I think this character type falls somewhere between the Nice Guy/Best Friend/Boy Next Door and the Dark and Dangerous Bad Boy. Like the Dark and Dangerous Bad Boy, he uses somewhat anti-social behavior as a defense mechanism to protect himself. And like the Nice Guy/Best Friend/Boy Next Door, he's got a soft, mushy inside and is someone you can absolutely rely on when times get tough. In fact, he may be even softer and mushier inside than the Nice Guy because he needs that harder outer shell to protect himself.
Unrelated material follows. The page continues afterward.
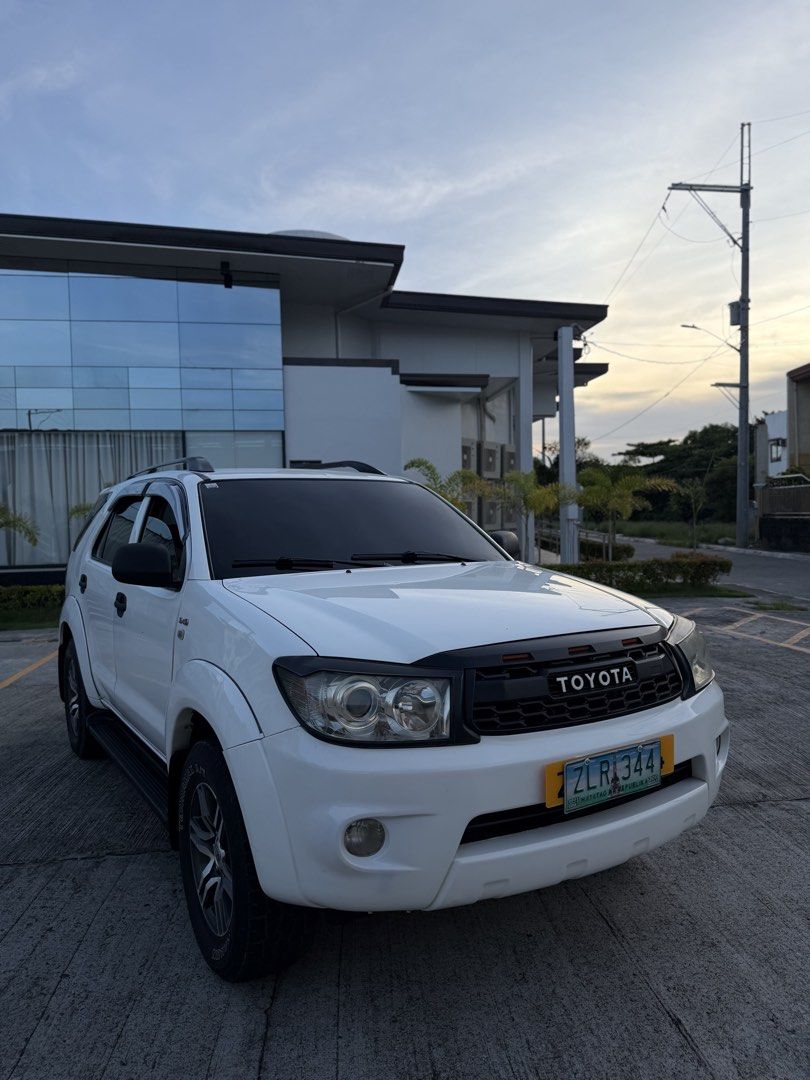 Toyota Fortuner D-4D Auto (Category: Used Cars) located in Manila. Submitted by cobretti (Listing ID 1450386316, Image 1). Description: 2009 Toyota Fortuner G Variant 4x2 A/T 🤍🤍 Diesel Engine D-4D Very Smooth Casa Maintained 📌 Smooth Shifting, No Delay & No Kaldag Registered until 2027 1st Owner Acq. w/ Orig Keys & Booklets Complete Original Papers 📌 Pristine Condition (Dare to Compare) 👌🏻 Interior & Leathers are intact Thick Tires 90% (Inc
The Dark and Dangerous Bad Boy may also have a soft, mushy inside that he protects with his hard outer shell, but the difference between the Dark and Dangerous Bad Boy and the Jerk With Layers is that the Jerk With Layers isn't actually bad or dangerous. He's just a bit obnoxious and seems to be insensitive. He'll make the wisecracks, pick on people, find ways to get under their skin, may even be a bit of a verbal bully. He may act like a womanizer or a player. He may act like he doesn't really care about his job and may seem to be lazy. But there's a line he won't cross. He doesn't actually do anything all that bad or wrong. He may talk a big show about his conquests, but you'd be totally safe with him (and might even have to tackle him if you want to get something started). He stays on the good side of the law. And while he pretends to be irresponsible, he's actually pretty reliable and will be there for you. When the situation calls for seriousness, the goofing off stops, and in those moments of rare sincerity, he's almost like another person. That's when you realize that the jerky behavior is a carefully cultivated defensive maneuver. If he acts like a jerk and you think he's a jerk, then he's won. If he acts like a jerk and you still manage to like him, that's a bonus. But on the other hand, if he tries to be a nice guy and you don't like him, he comes out as a loser. So, obviously, it's safer to act like a jerk. I think another distinction between the Dark and Dangerous Bad Boy and the Jerk With Layers is the potential for change. The Jerk With Layers is a nice guy underneath all along, so all it takes for him to really step up and reach his potential is gaining the confidence or the trust in someone to drop the act and be himself. The Dark and Dangerous Bad Boy really would have to do some kind of turnaround and really change in order to be redeemed.

I've realized that a number of characters I'd been mentally classifying as the Nice Guy/Best Friend are actually Jerks With Layers. I guess I just saw past all the defenses and saw the nice guy beneath, then disregarded the jerk aspects. For instance, as I've been re-reading the Harry Potter books, I've realized that Ron is probably more Jerk With Layers than Nice Guy. Yes, he's mostly reliable and basically decent, but he can be rather obnoxious. We realize through the course of the books that he's actually very insecure, but he masks that by being a jerk. Another example might be Chase (remember him?) on the early seasons of House, where he wasn't so much an outright jerk as he was an apparent slacker who let others assume he was a spoiled rich kid playboy. On the other hand, I think House himself comes closer to Dark and Dangerous Bad Boy because I don't think his jerky exterior is actually a facade. He really doesn't like people, he really doesn't want to follow the rules, and he really is rather self-destructive. Chase was able to change merely by dropping his jerk facade and really being the person we got occasional glimpses of. House would have to do a major personality turnaround to change. I suppose Rod in my books is another Jerk With Layers. Now I wonder if I could pull off writing someone like that as the primary hero rather than as a secondary character.

I guess I've been thinking in these terms because the major characters in the Nagging Idea would both probably fit into this type (male and female). With this idea there are also two vastly different ways I could go with it, and I'm not sure which is best, so I may have to start out writing it both ways and see which way clicks.